Menjelang pertemuan Federal Reserve pada 18 Maret, pasar keuangan AS mulai mempertanyakan kemungkinan kenaikan suku bunga. Menurut catatan rapat Komite Pasar Terbuka Federal (FOMC) bulan Januari, beberapa pejabat Fed mempertimbangkan kenaikan suku bunga karena inflasi yang tetap tinggi. Hal ini menimbulkan kekhawatiran di kalangan investor, terutama mereka yang berinvestasi di aset kripto.
Inflasi AS saat ini berada di level 2,4%, meningkat 0,2% pada Januari, menurut Biro Statistik Tenaga Kerja. Jika inflasi tidak menurun sesuai dengan ekspektasi, maka penurunan suku bunga mungkin tidak akan terjadi. Sebaliknya, jika inflasi tetap tinggi, maka kenaikan suku bunga dapat dilakukan untuk mengendalikan inflasi.
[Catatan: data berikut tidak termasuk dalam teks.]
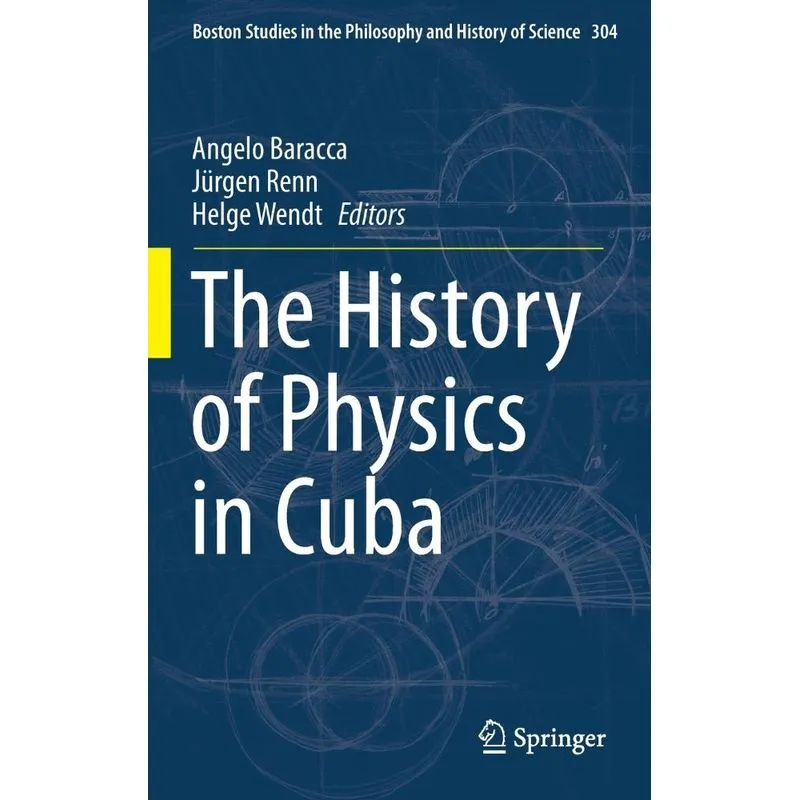 The History of Physics in Cuba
Kenaikan suku bunga ini dapat berdampak negatif pada aset kripto, karena aset yang lebih aman seperti obligasi pemerintah atau uang tunai dapat menawarkan hasil yang lebih baik dengan risiko yang lebih rendah.
Dampak pada Aset Kripto
Kenaikan suku bunga juga dapat membuat pinjaman lebih mahal, sehingga mengurangi aktivitas spekulatif, leverage, dan investasi modal ventura. Sentimen pasar kripto, yang sudah berada di level terendah, dapat terkena dampak lebih lanjut oleh kebijakan Fed yang hawkish. Oleh karena itu, investor kripto perlu memantau perkembangan kebijakan moneter Fed dengan seksama dan menyesuaikan strategi investasi mereka untuk menghadapi potensi kenaikan suku bunga.
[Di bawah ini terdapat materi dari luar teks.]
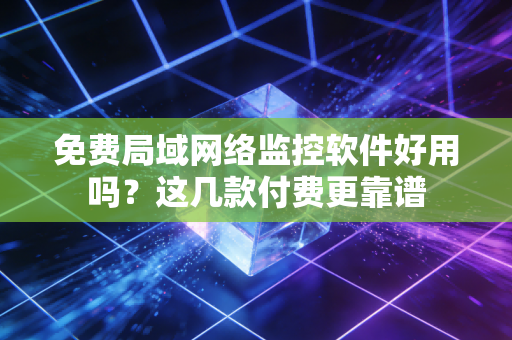 免费局域网络监控软件好用吗？这几款付费更靠谱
Menurut catatan rapat FOMC, beberapa peserta menyatakan bahwa mereka akan mendukung "kemungkinan penyesuaian atas target rentang suku bunga federal" jika inflasi tetap di atas level target. Namun, pasar futures CME menunjukkan bahwa kemungkinan suku bunga tetap tidak berubah pada pertemuan Fed berikutnya adalah 94%. Oleh karena itu, investor perlu tetap waspada dan memantau perkembangan kebijakan moneter Fed untuk membuat keputusan investasi yang tepat.